Back in the day, this guy defined cinema bad-assery. James Cagney was his name and he was not the man with whom to fuck. Just ask his nagging girlfriend how she likes her grapefruit. Named after the era it represents "The Public Enemy" is the story of Tom Powers, as he makes his way to the top......and eventually the bottom of the bootlegging underworld. This was one of the first pictures to attempt to portray the mob world in a realistic fashion. They didn't glorify it, and they wanted audiences to know that "crime does not pay!" The main character meets his fate in what can still be considered by today's standards somewhat grisly fashion. Just thinking about the last scene gives me chills.

a fistful of fruit for the whiney woman...
Angels With Dirty Faces (1938)

Don't let the silly name fool you. This film is as endearing as it is tragic. Cagney takes center stage again this time as the former gangster Rocky Sullivan. Rocky has been in prison for several years and after being released, decides to finally walk the straight path. He gets a little help from his best friend and former thug turned priest Father Connolly.( played by real life pal
Pat O' Brien) Unfortunately, an old nemesis (none other than Humphrey Bogart) who owes Rocky some money turns up and makes it difficult for him to adjust to life outside of prison. Throw in the comedy stylings of the Dead End Kids, and you have yourself a stick of pure movie dynamite!

White Heat (1949)

Yes, Cagney makes the list for the third time in a row. His wallet is the one that actually says "Bad Mother Fucker" not Sam Jackson's!!!! Cagney took a break from the tough guy roles to prove he could do other things. He won an Oscar as the singing dancing playwright George M. Cohan in the 1942 musical "Yankee Doodle Dandy," but everybody really just wanted to see him come back and kick some ass again.........did he ever.

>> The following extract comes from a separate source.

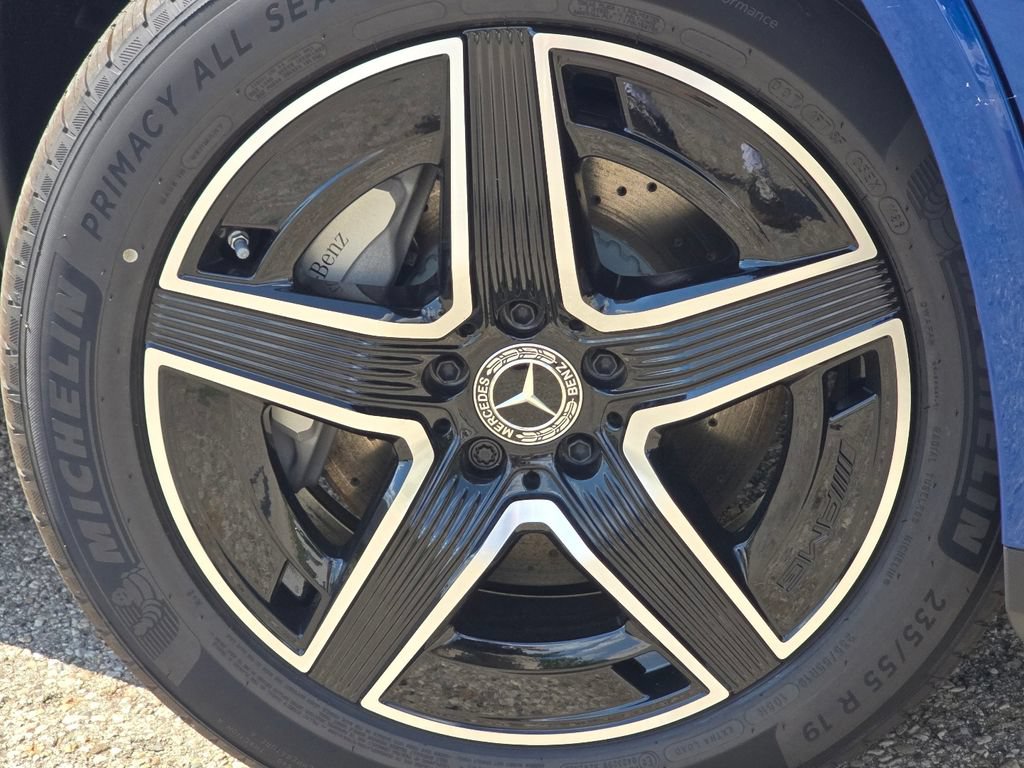 New 2026 Mercedes-Benz GLC 300 4MATIC image 11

Cody Jarret is not a nice man. He steals, has no problem murdering his own crew or anybody else that pisses him off, and the only woman he loves is his mother. After Jarret goes to prison, the police send in an undercover agent posing as his cellmate to find out who on the outside launders his cash because if they get that will go a long way into shutting down the whole ring. We get jailbreaks, double crosses, and a truly explosive ending that will have you screaming....."made it of the world!!!!!!!"

Bonnie and Clyde (1967)

What can you say.......but.....Faye.....Faye....Dunaway! She was a knockout in this picture, and combined with the talents of Warren Beatty and a young Gene have yourself one of the very best the genre has to offer. It's a tale of young lovers who blaze a path of robbery and murder across the midwest and into the history books as they inevitably meet their bullet riddled destiny. At the time, the violence in this film was quite jarring. "The Public Enemy" tried to show mob life in a realistic way...."Bonnie & Clyde" showed what those bullets actually do when they hit their mark and critics were not initially impressed. Time has been kind to "Bonnie" and it's still a hell of a film. It marked a change in filmmaking style. No longer would a guy just get shot and fall down.......we'd get to see those exploding squibs in all their gooey glory! Contemporary Hollywood gunfights owe a huge debt to "Bonnie & Clyde." Clyde Barrow just wanted to be remembered.....well.....believe me Clyde........we remember.